* _WORK INSTRUCTIONS_
Reproduce the entries that follow exactly. No picture should appear in the result.

THE RECORDS Start Marker

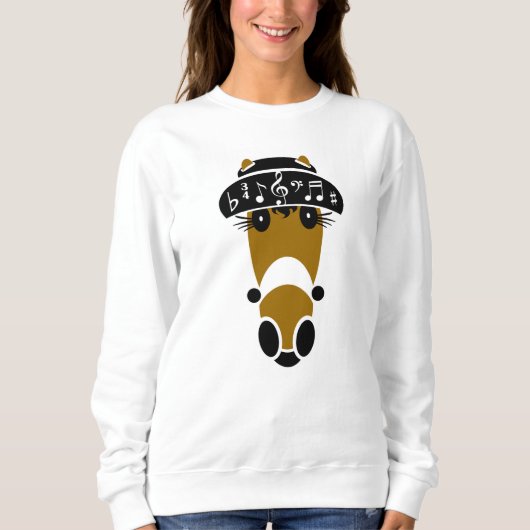 Cadence Hattingdon Women's Sweatshirt (Vorderseite)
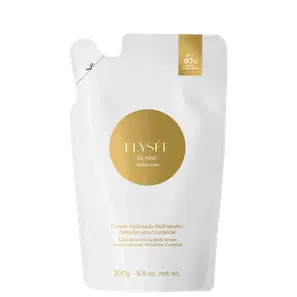 o Boticário Elysée Blanc Refil - Creme Acetinado Hidratante Desodorante Corporal 200g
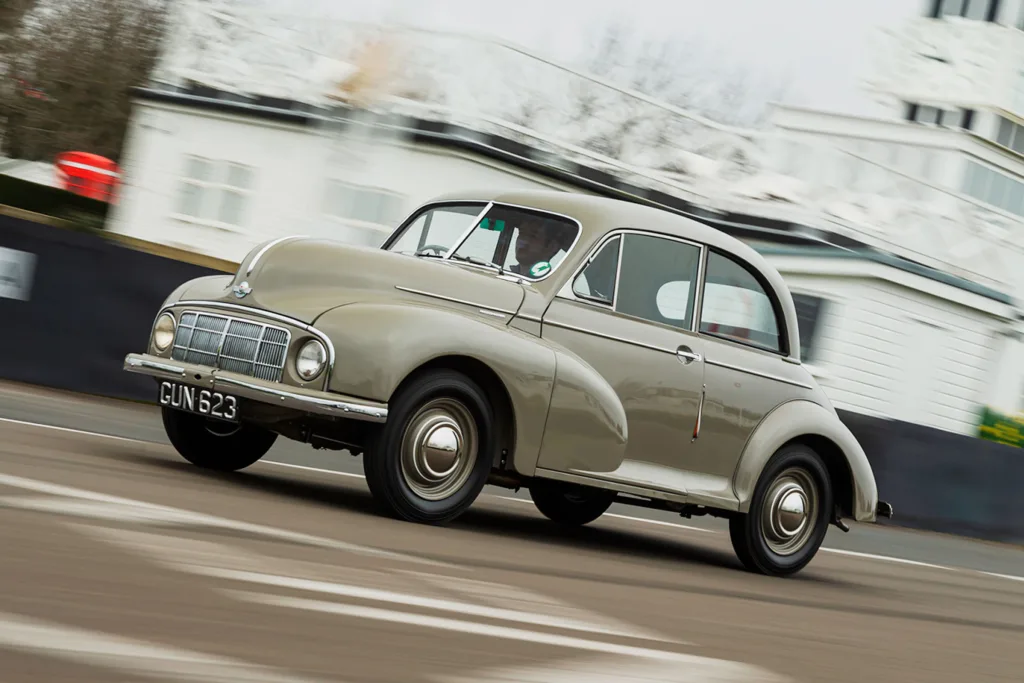 1948 Morris Minor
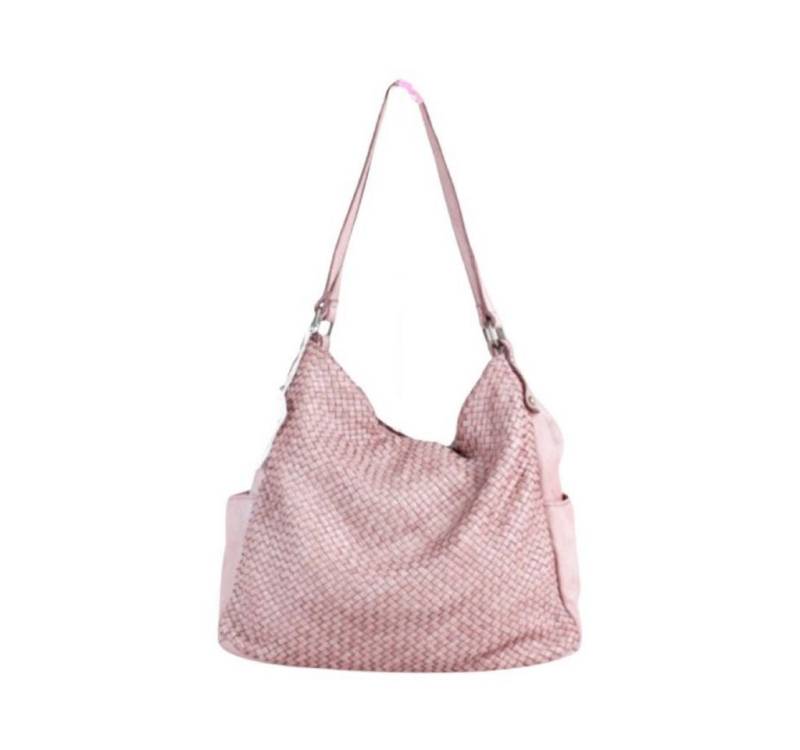 BZNA Schultertasche Yuna Italy Designer Damen Handtasche Shopper von BZNA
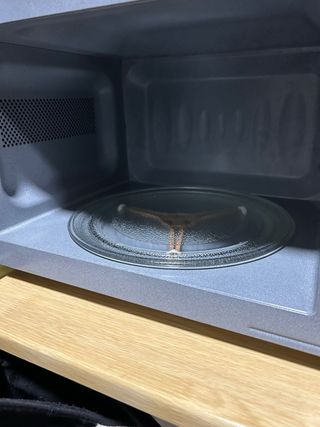 Microondas Nevir Blanco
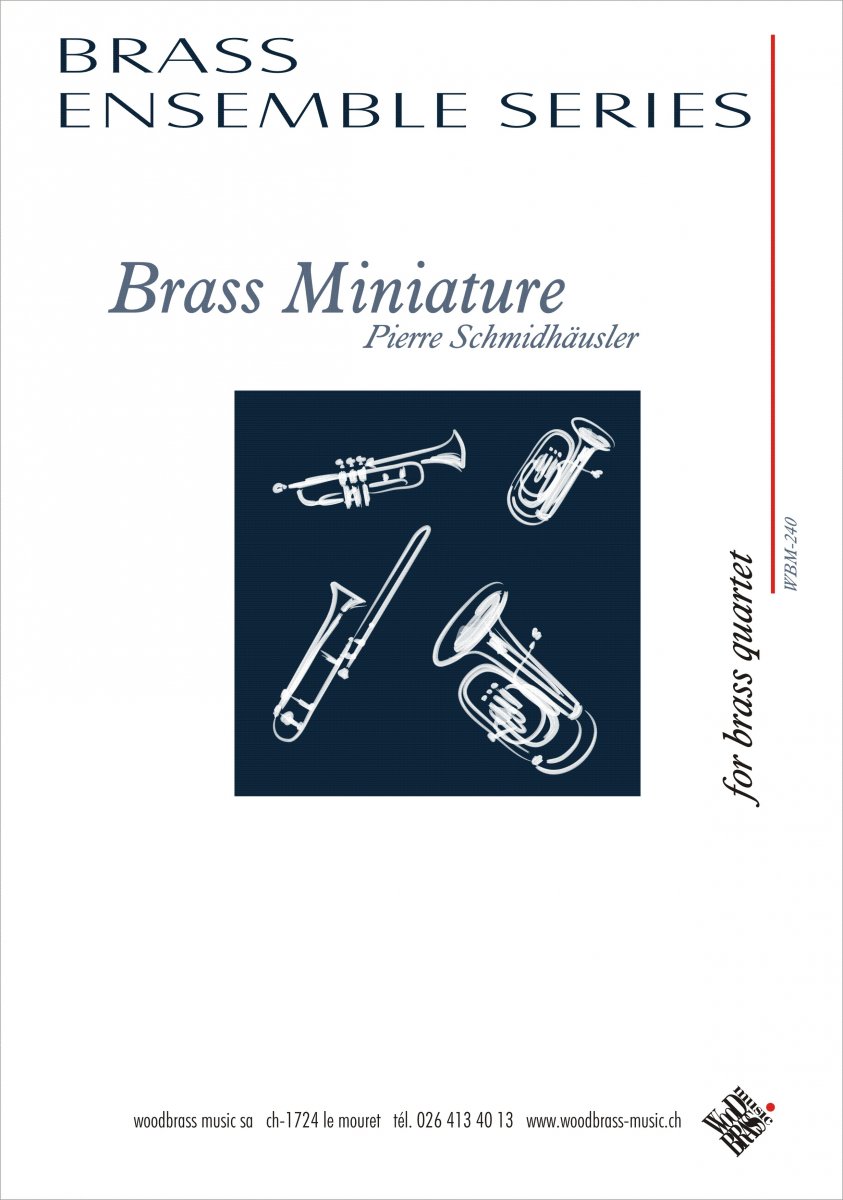 Brass Miniature - klik hier Brass Miniature - klik hier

THE RECORDS End Marker

* _TASK RESPONSE_
 Cadence Hattingdon Women's Sweatshirt (Vorderseite)
 o Boticário Elysée Blanc Refil - Creme Acetinado Hidratante Desodorante Corporal 200g
 1948 Morris Minor
 BZNA Schultertasche Yuna Italy Designer Damen Handtasche Shopper von BZNA
 Microondas Nevir Blanco
 Brass Miniature - klik hier Brass Miniature - klik hier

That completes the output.